She said: Honourable senators, I rise today to speak to Bill S-204, which aims to create new offences with regard to organ harvesting and organ trafficking abroad. This bill has been introduced in the Canadian Parliament multiple times over the last decade. In fact, this is the third time that I am tabling this bill, which was almost passed in the last Parliament.
As much as I would like to pride myself for slowly and steadily making this bill a reality, I fear we are behind. While medical and technological advances in recent decades have improved our lives in ways previously unimaginable, they sadly have also created new means of exploiting the world’s most vulnerable.
One of the most awful new forms of such exploitation is the use of social media to illegally harvest and traffic human organs. A journalist with The Independent U.K. reported being offered a kidney by a man from India within two days of joining an organ Facebook group. The international character of this problem, which often sees vulnerable people exploited to meet the demand for organ transplantation in places like Canada, requires us to take action.
Before the year 2000, trafficking in human organs was primarily limited to the Indian subcontinent and Southeast Asia, and the recipients of organs were typically from the Gulf states, Japan and other Asian countries, with the European Union and the United States issuing sporadic reports of patients travelling abroad to obtain organs, primarily kidneys.
However, since then, organ trafficking has spread throughout the globe, with organ recipients exploring opportunities for transplantation in Eastern European countries as well as Russia. Today, partly as a result of tougher law enforcement against trafficking in Eastern Europe, the Philippines and on the Indian subcontinent, trafficking in human organs is shifting to Latin America, North Africa and other regions where the economic crisis, along with social and political instability, create opportunities for traffickers.
As with most covert affairs that prey on the vulnerable, statistics represent only a fraction of the reality. However, the information that is available is enough to paint a horrifying picture. Trafficking in persons for the removal of their organs is prohibited by international law as part of a general prohibition on human trafficking, defined to include exploitation for the removal of organs. Together with drugs, humans, arms, diamonds, gold and oil, organs have become the subject of an illegal billion-dollar industry, estimated to generate profits between $600 million to $1.2 billion a year. To exploit the gap between the supply and demand of organs even more, criminal organizations that traffic in human beings have expanded their practices to include organ trafficking.

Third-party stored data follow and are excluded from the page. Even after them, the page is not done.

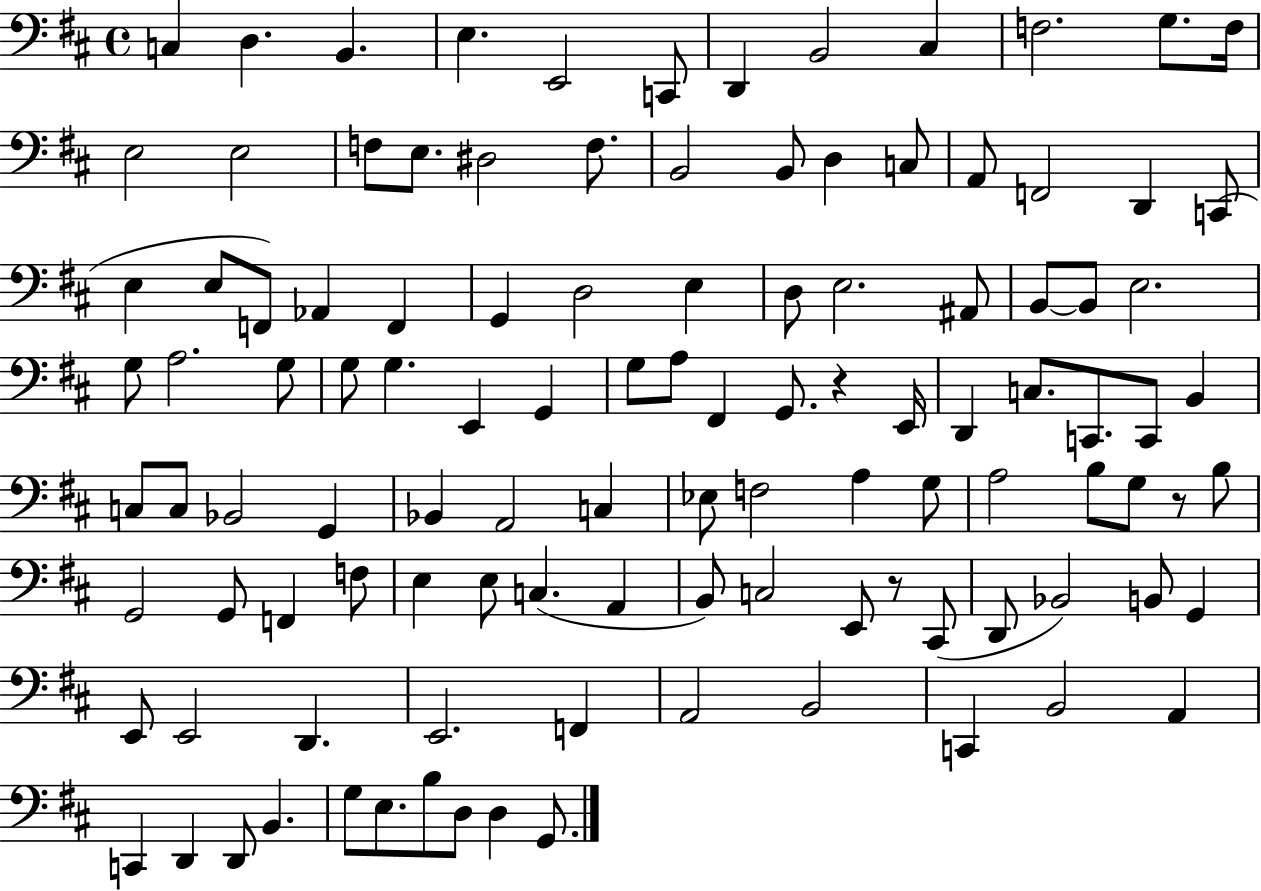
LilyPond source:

{
  \clef bass
  \time 4/4
  \defaultTimeSignature
  \key d \major
  c4 d4. b,4. | e4. e,2 c,8 | d,4 b,2 cis4 | f2. g8. f16 | \break e2 e2 | f8 e8. dis2 f8. | b,2 b,8 d4 c8 | a,8 f,2 d,4 c,8( | \break e4 e8 f,8) aes,4 f,4 | g,4 d2 e4 | d8 e2. ais,8 | b,8~~ b,8 e2. | \break g8 a2. g8 | g8 g4. e,4 g,4 | g8 a8 fis,4 g,8. r4 e,16 | d,4 c8. c,8. c,8 b,4 | \break c8 c8 bes,2 g,4 | bes,4 a,2 c4 | ees8 f2 a4 g8 | a2 b8 g8 r8 b8 | \break g,2 g,8 f,4 f8 | e4 e8 c4.( a,4 | b,8) c2 e,8 r8 cis,8( | d,8 bes,2) b,8 g,4 | \break e,8 e,2 d,4. | e,2. f,4 | a,2 b,2 | c,4 b,2 a,4 | \break c,4 d,4 d,8 b,4. | g8 e8. b8 d8 d4 g,8. | \bar "|."
}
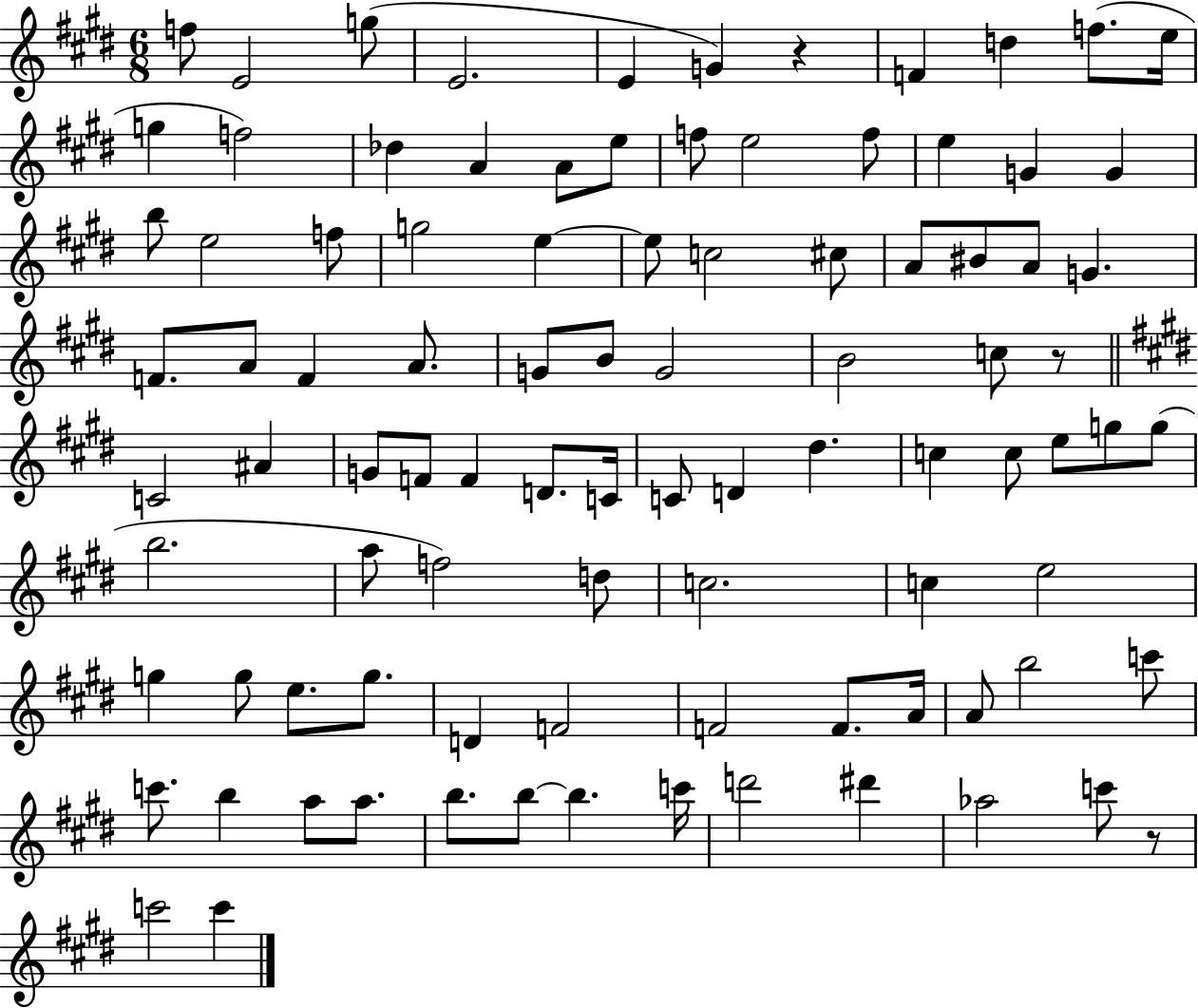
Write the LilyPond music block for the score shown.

{
  \clef treble
  \numericTimeSignature
  \time 6/8
  \key e \major
  f''8 e'2 g''8( | e'2. | e'4 g'4) r4 | f'4 d''4 f''8.( e''16 | \break g''4 f''2) | des''4 a'4 a'8 e''8 | f''8 e''2 f''8 | e''4 g'4 g'4 | \break b''8 e''2 f''8 | g''2 e''4~~ | e''8 c''2 cis''8 | a'8 bis'8 a'8 g'4. | \break f'8. a'8 f'4 a'8. | g'8 b'8 g'2 | b'2 c''8 r8 | \bar "||" \break \key e \major c'2 ais'4 | g'8 f'8 f'4 d'8. c'16 | c'8 d'4 dis''4. | c''4 c''8 e''8 g''8 g''8( | \break b''2. | a''8 f''2) d''8 | c''2. | c''4 e''2 | \break g''4 g''8 e''8. g''8. | d'4 f'2 | f'2 f'8. a'16 | a'8 b''2 c'''8 | \break c'''8. b''4 a''8 a''8. | b''8. b''8~~ b''4. c'''16 | d'''2 dis'''4 | aes''2 c'''8 r8 | \break c'''2 c'''4 | \bar "|."
}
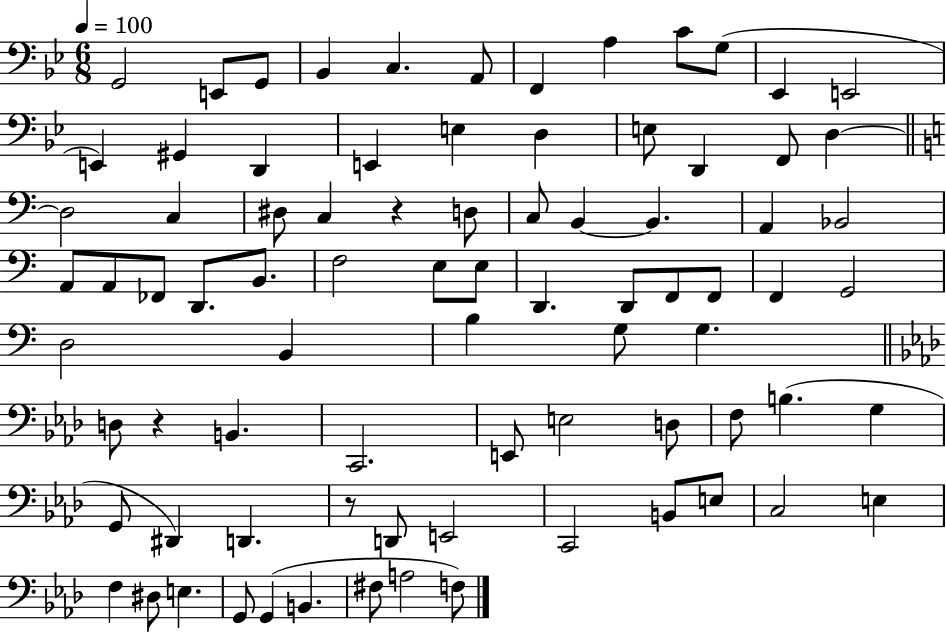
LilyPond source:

{
  \clef bass
  \numericTimeSignature
  \time 6/8
  \key bes \major
  \tempo 4 = 100
  g,2 e,8 g,8 | bes,4 c4. a,8 | f,4 a4 c'8 g8( | ees,4 e,2 | \break e,4) gis,4 d,4 | e,4 e4 d4 | e8 d,4 f,8 d4~~ | \bar "||" \break \key a \minor d2 c4 | dis8 c4 r4 d8 | c8 b,4~~ b,4. | a,4 bes,2 | \break a,8 a,8 fes,8 d,8. b,8. | f2 e8 e8 | d,4. d,8 f,8 f,8 | f,4 g,2 | \break d2 b,4 | b4 g8 g4. | \bar "||" \break \key aes \major d8 r4 b,4. | c,2. | e,8 e2 d8 | f8 b4.( g4 | \break g,8 dis,4) d,4. | r8 d,8 e,2 | c,2 b,8 e8 | c2 e4 | \break f4 dis8 e4. | g,8 g,4( b,4. | fis8 a2 f8) | \bar "|."
}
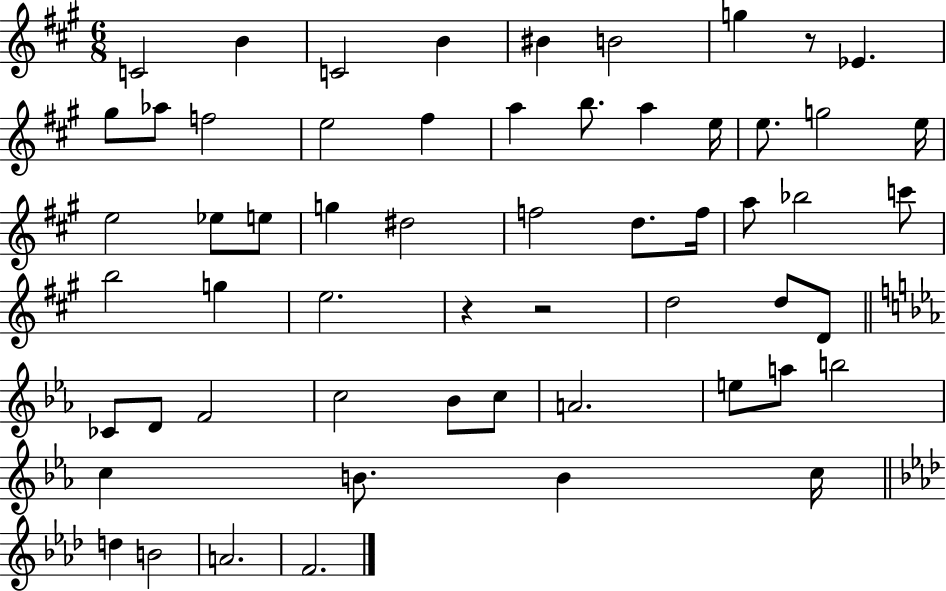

Consequently, over 100 countries have passed legislation banning the trade of organs. Additionally, several countries with significant problems of organ trafficking have responded with legislation strengthening existing laws that ban organ trafficking and organ sales. Further, there are a number of governmental and professional bodies with initiatives to regulate domestic and international organ transplantation and tackle organ trafficking, including, for example, the Council of Europe Convention against Trafficking in Human Organs.
The crime of trafficking in human beings was first defined in the UN Palermo Protocol, adopted in 2000, which has become universally accepted as the international legal framework against human trafficking.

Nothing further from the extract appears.